The “runway end safety area” should extend at least 90 meters from the end of a runway strip, but 73 of the 97 airports nationwide fail to meet this requirement, the Land, Infrastructure, Transport and Tourism Ministry said Friday.
Last week, an All Nippon Airways plane skidded off the runway after landing at New Chitose Airport near Sapporo. No one was injured and the plane avoided serious damage after plowing into snow in the safety area, indicating it was sufficient to mitigate the slip.
The ministry has set up a review team and is expected to draw up a plan by March to promote installation of the required safety areas.

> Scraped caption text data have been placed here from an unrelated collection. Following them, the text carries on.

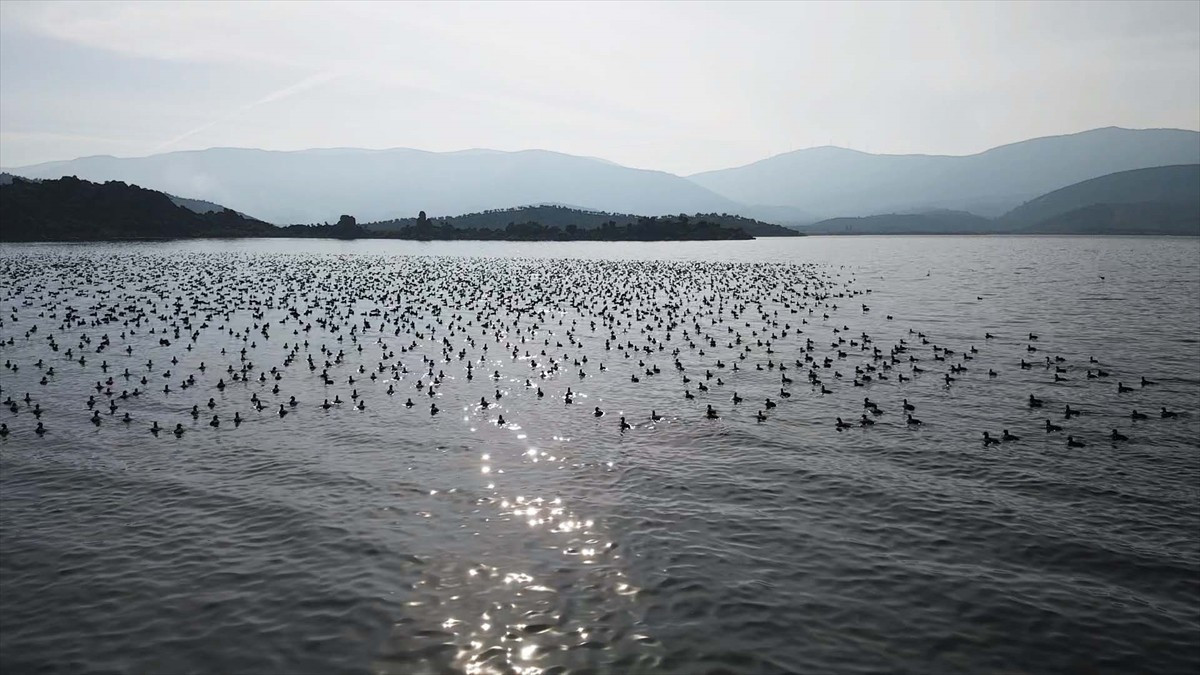 Muğla'nın Milas ile Aydın'ın Söke ilçeleri sınırlarındaki Bafa Gölü'nde yaz aylarında yaşanan...
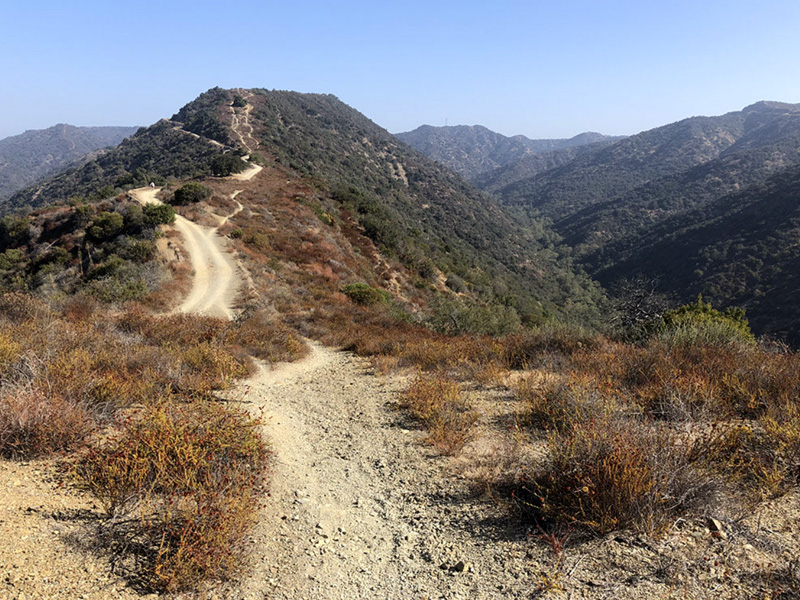 A mountain biker stops on the Westridge Singletrack Loop, taking in the scenic view of the rolling hills and distant Pacific Ocean in the Santa Monica Mountains.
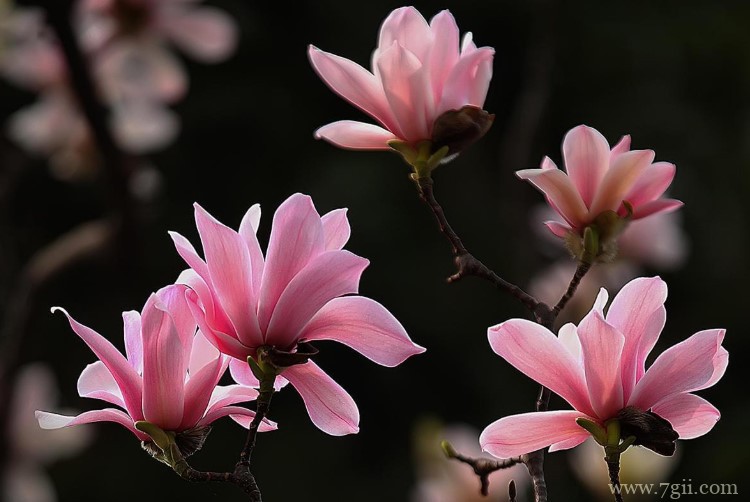 汉中市的市花是什么？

If no space beyond runways can be secured, the ministry may consider shortening runways or introducing a system to forcibly decelerate planes.
The standards were established in 2013, but 75 runways at the 73 airports were found not in compliance in 2016.

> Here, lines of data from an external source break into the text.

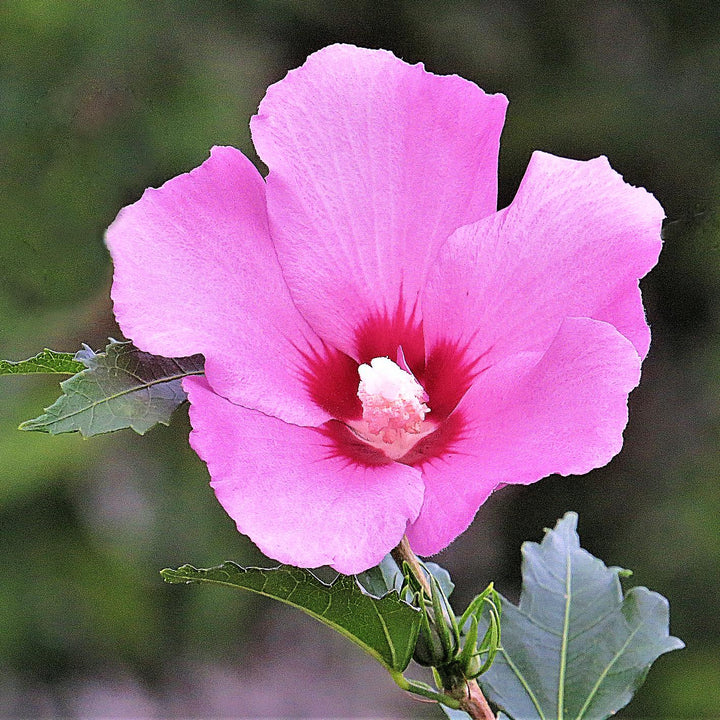 Hibiscus syriacus 'Aphrodite' ~ Aphrodite Rose of Sharon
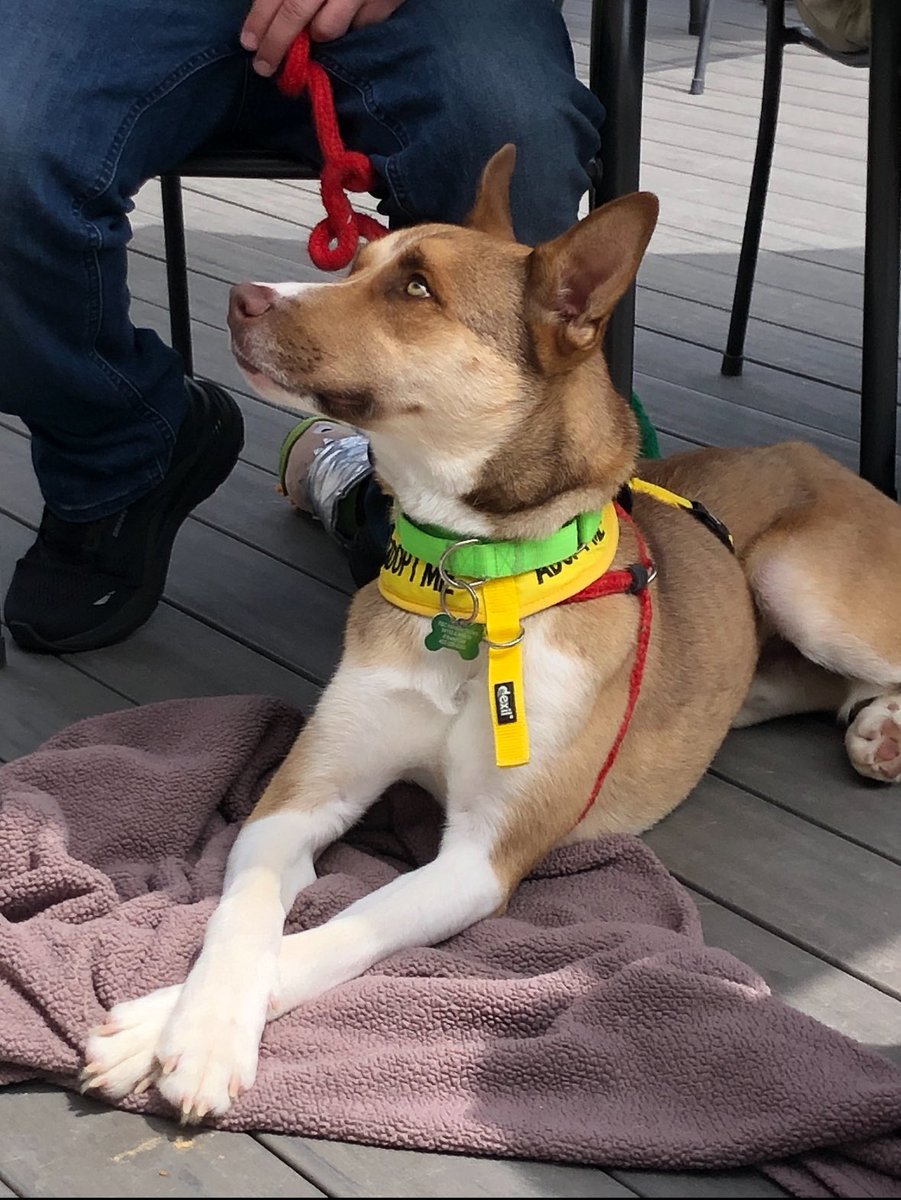 The Nebraska Half & The OmaHalf tweet media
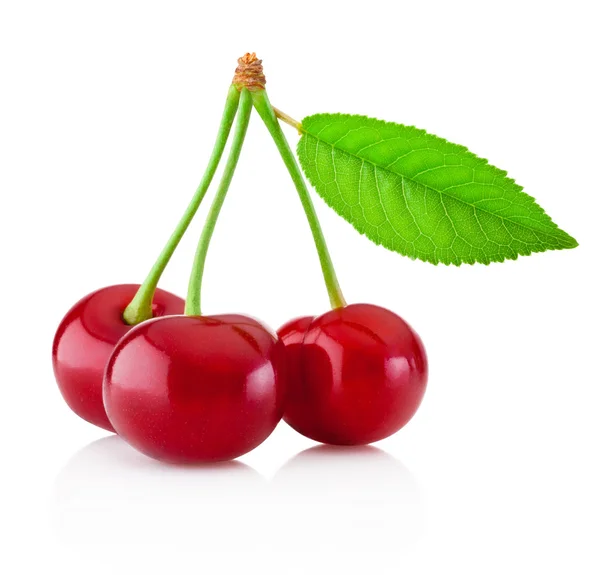 Three ripe cherries with leaf isolated on white background — Stock Photo, Image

These include the shorter of the two runways at Narita, where expansion has long faced opposition from land owners, and one of the four at Haneda, which is stretched close to Tokyo Bay, leaving no space for safety areas.
According to the ministry, there have been 22 overruns since 1974, excluding the one at New Chitose Airport.
The pilot in that incident said the plane slipped off the runway while hurrying to enter the taxiway, sources said.
The pilot was applying full braking force right before the incident, suggesting the wheels locked, the sources said.
The plane needed to taxi about 2 km as the only available taxiway at the time was at the opposite end of the landing point. The overrun may have been caused by the plane’s inability to decelerate enough on the icy ground around it, the sources said.
The plane went beyond the 60-meter overrun area and finally stopped after hitting a pile of snow in the 192-meter safety area.